Saved entries

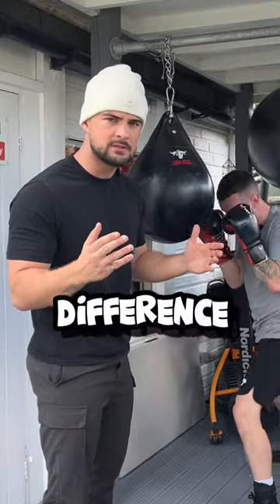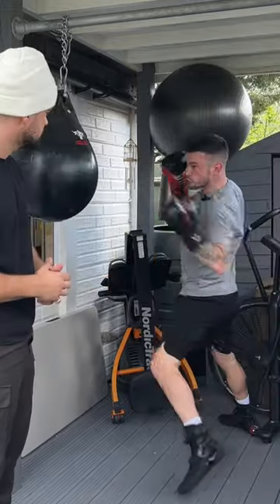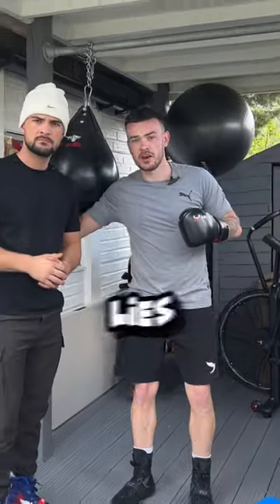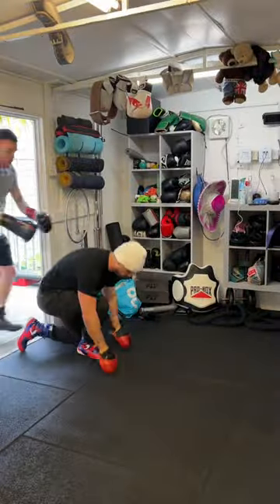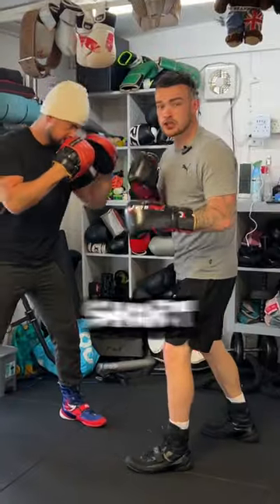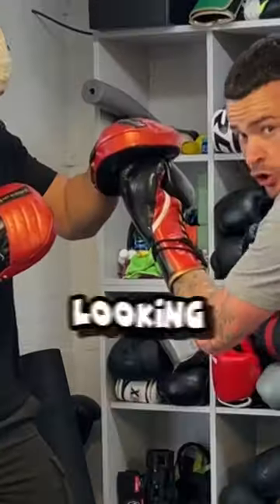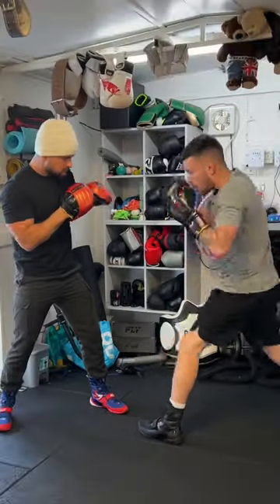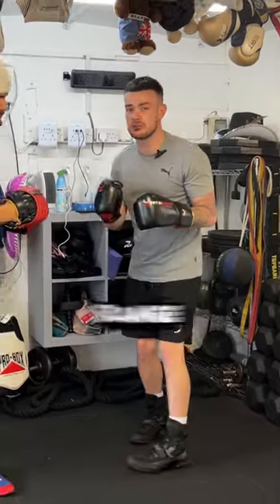What really is the difference between the lead uppercut and a screw shot? The lead uppercut is a short-range bent arm shot — your palm faces you and you're looking to poke up and through the guard.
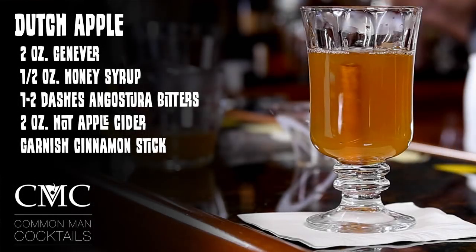It's two ounces of Geneva, half ounce of honey syrup, one to two dashes of Angostura bitters — that's two — and two ounces of hot apple cider, with the garnish of a cinnamon stick.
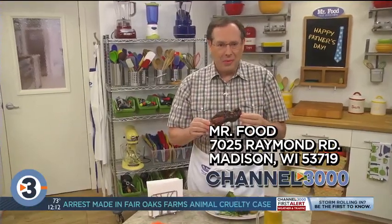I'm Howard in the Mr. Food Test Kitchen, where today we found a monstrously big way for dad to say, 'Oh, it's so good.'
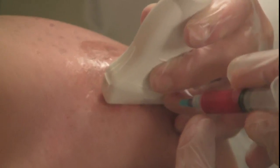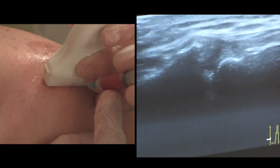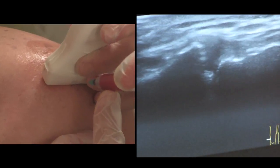And again, under ultrasound guidance, we can see the needle being introduced into the acromioclavicular joint and the solution being deposited.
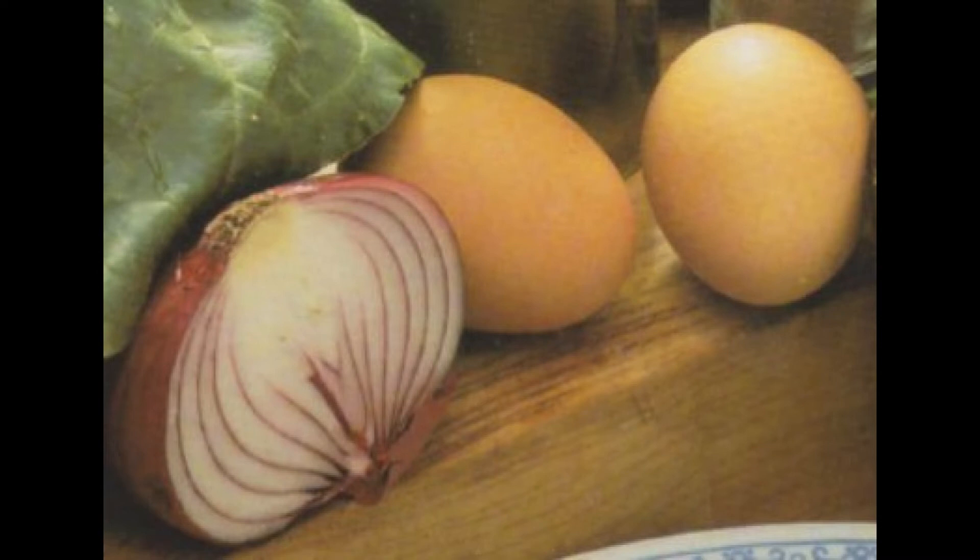Preparazione ricetta di cucina risotto con le erbe. Iniziate prendendo una pentola di buone dimensioni e fate rosolare il burro insieme alla cipolla tritata finemente. Fate appassire e, appena fatto, mettete il riso e fatelo tostare per circa 3 minuti.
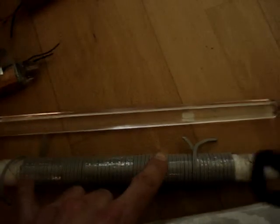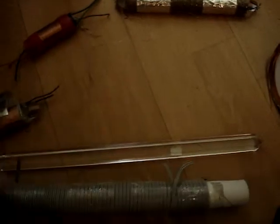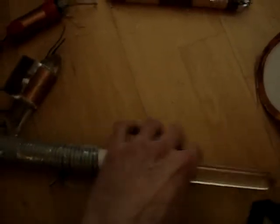Here I have a bifilar-wound coil on one roll of carbon tube. I put the crystal in this tube. The second one I have a condensator — an aluminium condensator.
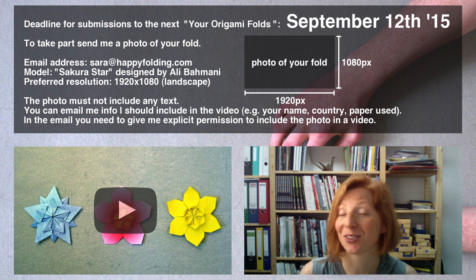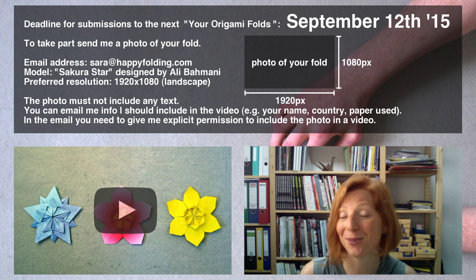The deadline is September 12th, 2015. I look forward to seeing your fold, and of course, as always, happy folding!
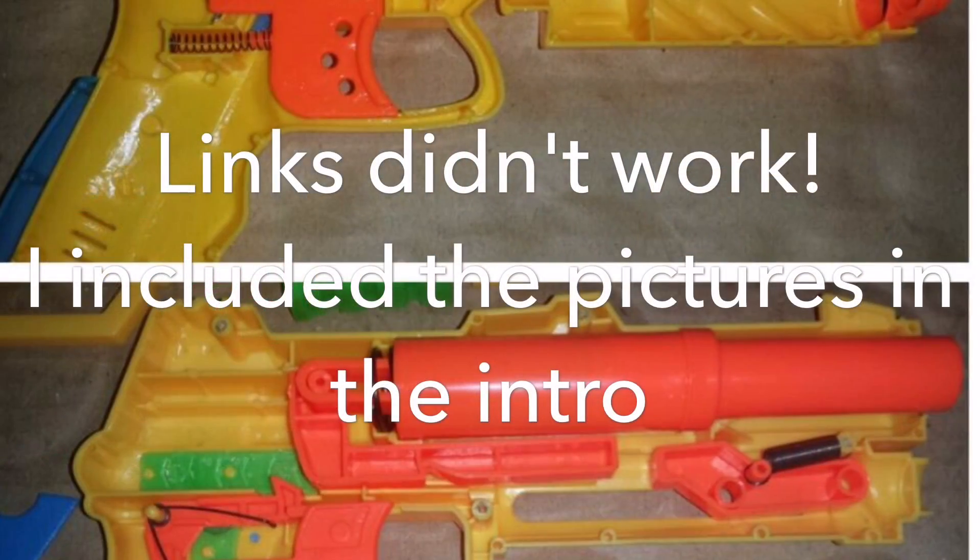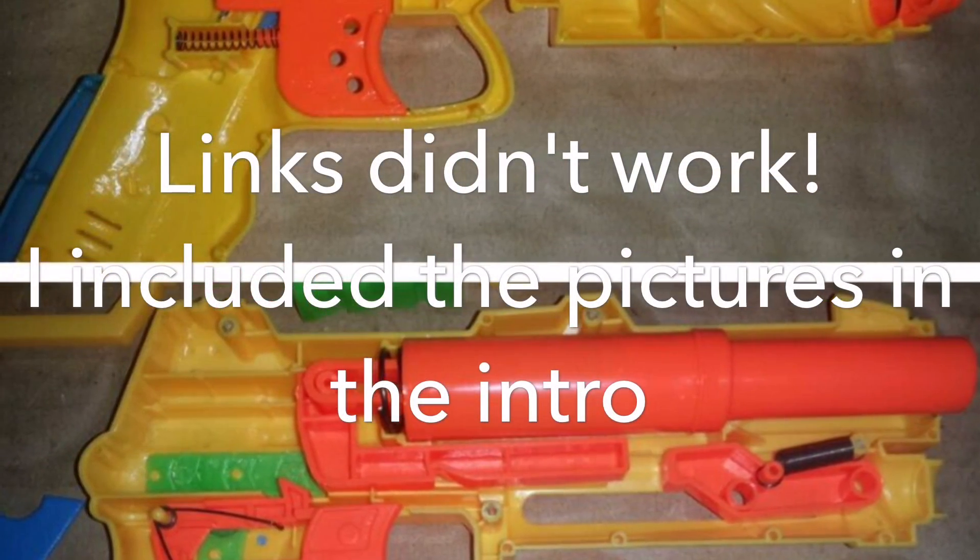I want something completely off the grid — something that's one, two, three, or four dollars, something that doesn't even shoot a BoomCo dart or a Nerf dart. I don't want anything that looks even slightly like a normal blaster. I want something cheap as heck — you bought it for two or three bucks — and I want to see if you can open it, mod it, and make it effective.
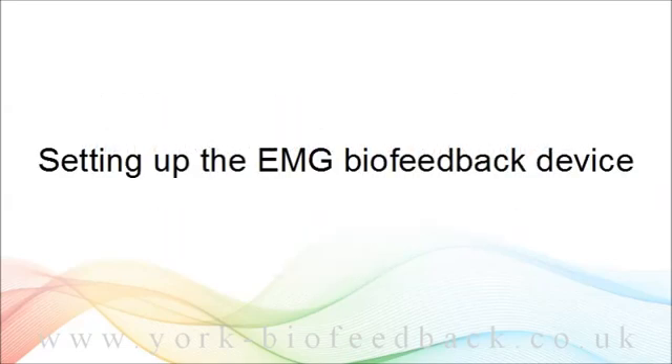This video shows you how to set up the EMG biofeedback device. If you've rented one, may I just take the opportunity to remind you to please keep all the packaging material, including the small plastic banks that contain cables and small parts.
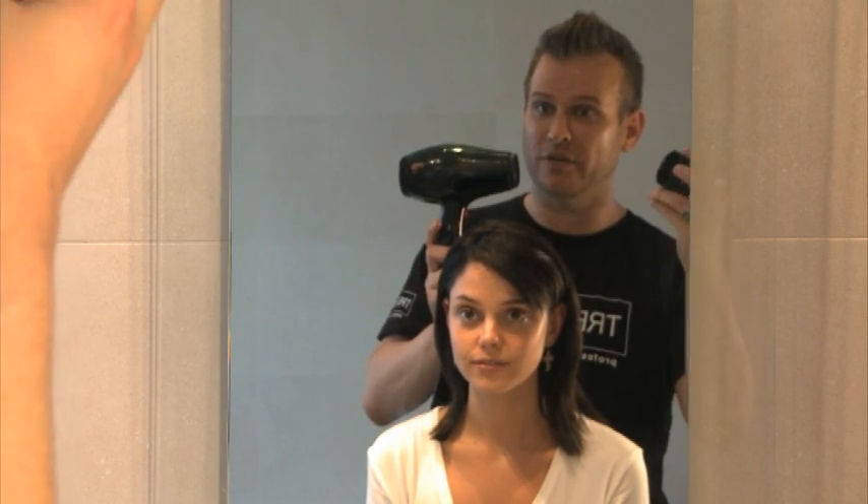It's really quite difficult to recreate the fringe that we've done for you, so I'm going to give you a few tips on how to create that. The first thing you need to have is a hair dryer with a nozzle — you need the nozzle on the top of your hair dryer.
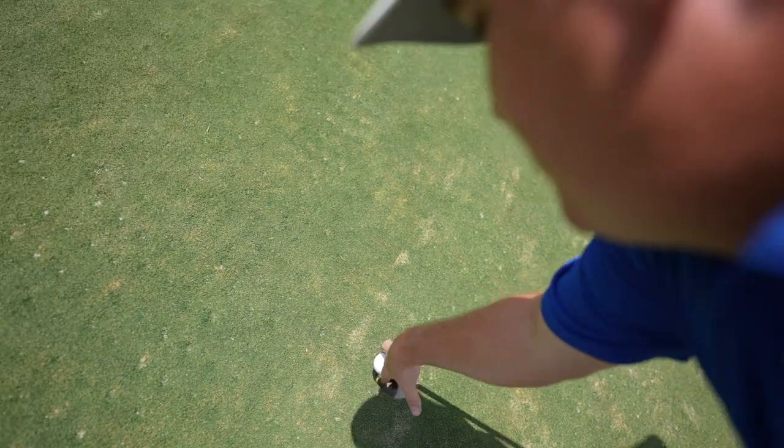Tapping in for bogey to start — not exactly the start I was hoping for. We're going to have to hit some greens here in order to score because we've got these aerated greens today. They were aerated only about a week and a half to two weeks ago, so they're pretty bumpy. We're going to have to hit them tight.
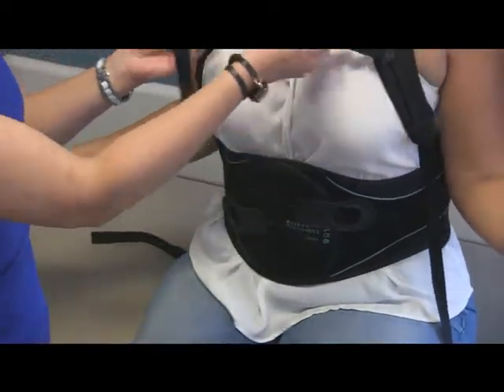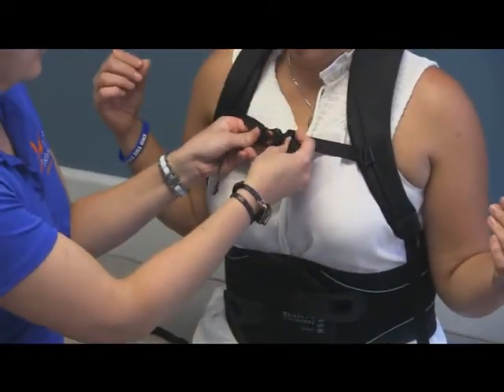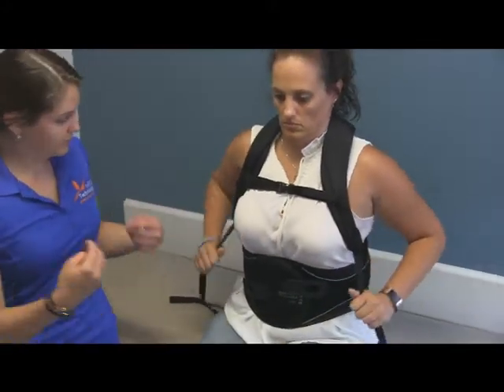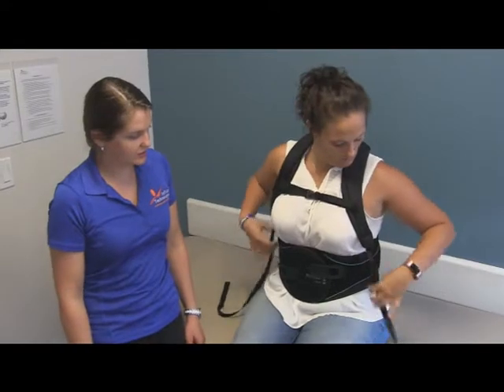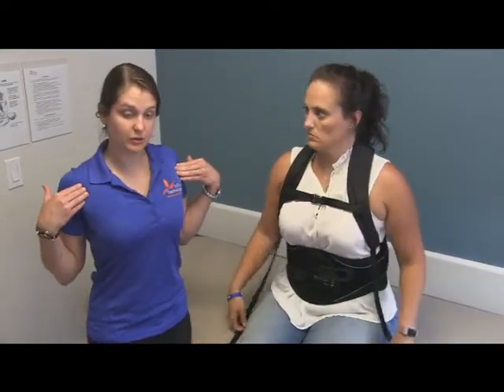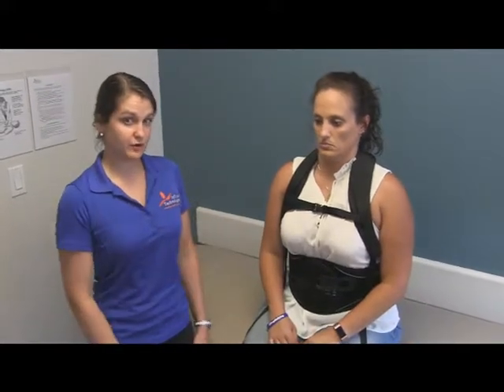The last portion is to just clip these two shoulder straps together. They're going to get snapped together right in the front, and the shoulder straps may need to be adjusted to be a little bit tighter if they become loose during the fitting process. You want them nice and snug, pulling your shoulders back to keep the upper portion of your back straight.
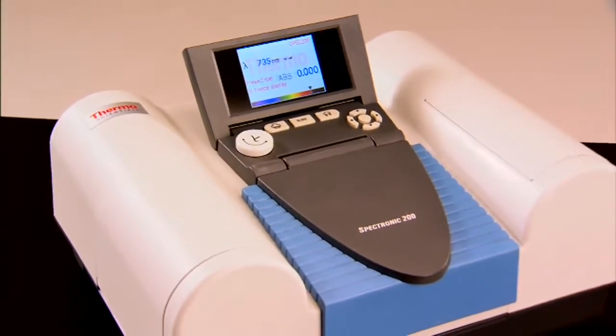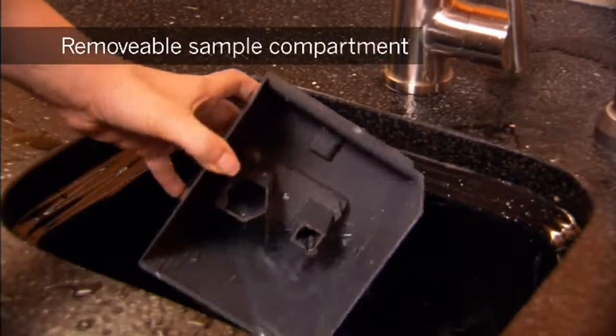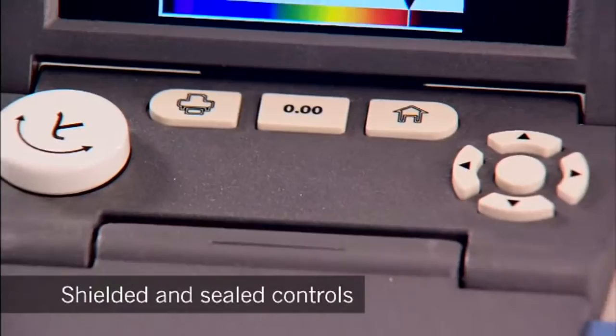Constructed of tough ABS plastic with sloping surfaces to shed spills, a unique removable and rinsable sample compartment, and shielded and sealed controls.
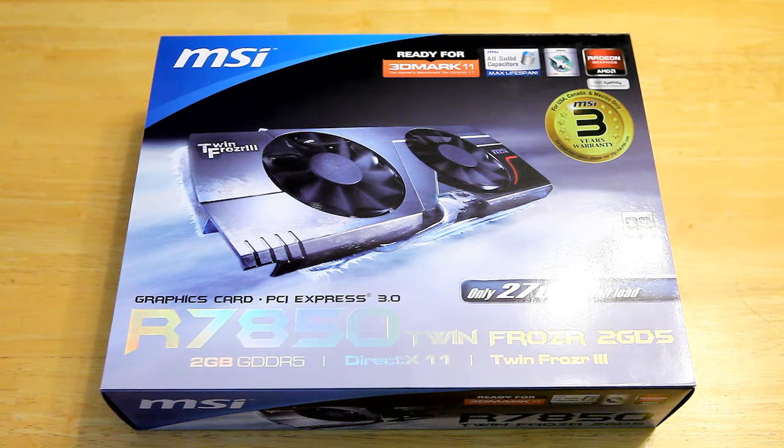I'll do a quick unboxing here. I just picked up this new video card for my HTPC. It's a MSI Radeon 7850, the Twin Frozr edition — Twin Frozr 3.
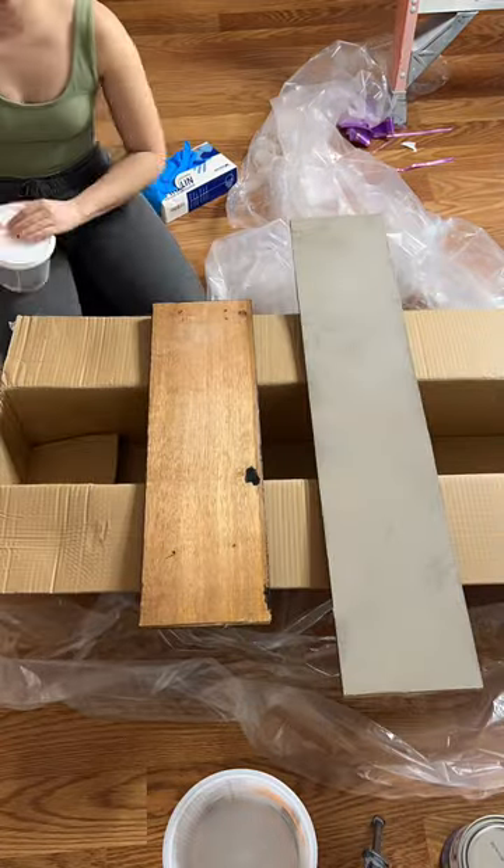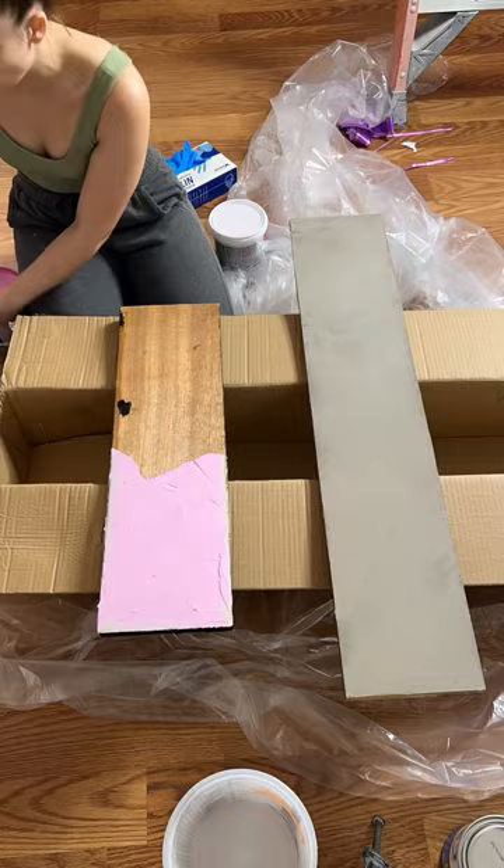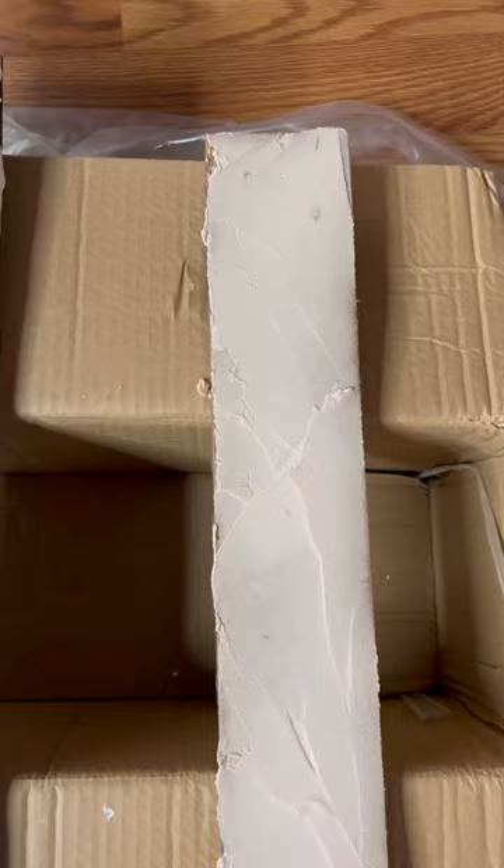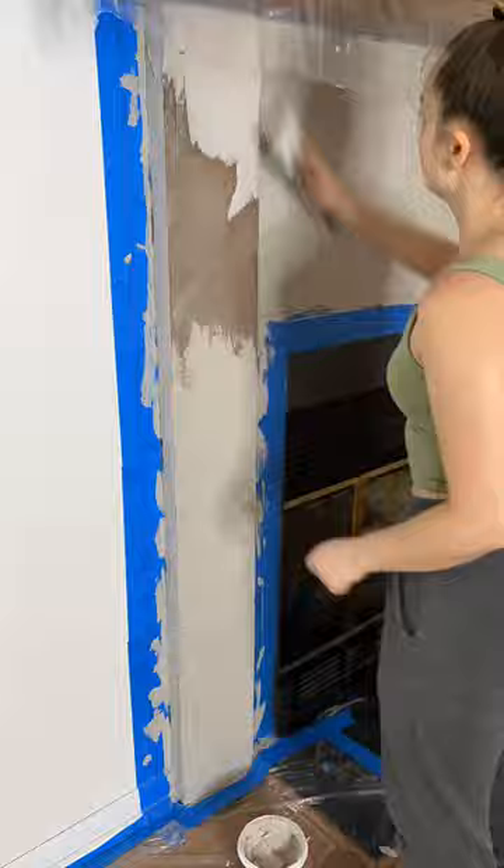Hot Mess Lakehouse Renovation Part 36, and I am trying some pre-mixed materials because I still believe in my vision for this fireplace. I just needed something that was going to be more consistent with each batch. So I tried out some spackle and some plaster, but really what worked was this pre-mixed cement — it was definitely the vibe.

**WHAT IS REQUIRED**
In the entries above, which lines run from the one with "I'm Howard in" up to and including the one with "Here I have"? Write them out exactly, without the pictures.

**RESULT OF THE TASK**
I'm Howard in the Mr. Food Test Kitchen, where today we found a monstrously big way for dad to say, 'Oh, it's so good.'
And again, under ultrasound guidance, we can see the needle being introduced into the acromioclavicular joint and the solution being deposited.
Preparazione ricetta di cucina risotto con le erbe. Iniziate prendendo una pentola di buone dimensioni e fate rosolare il burro insieme alla cipolla tritata finemente. Fate appassire e, appena fatto, mettete il riso e fatelo tostare per circa 3 minuti.
Here I have a bifilar-wound coil on one roll of carbon tube. I put the crystal in this tube. The second one I have a condensator — an aluminium condensator.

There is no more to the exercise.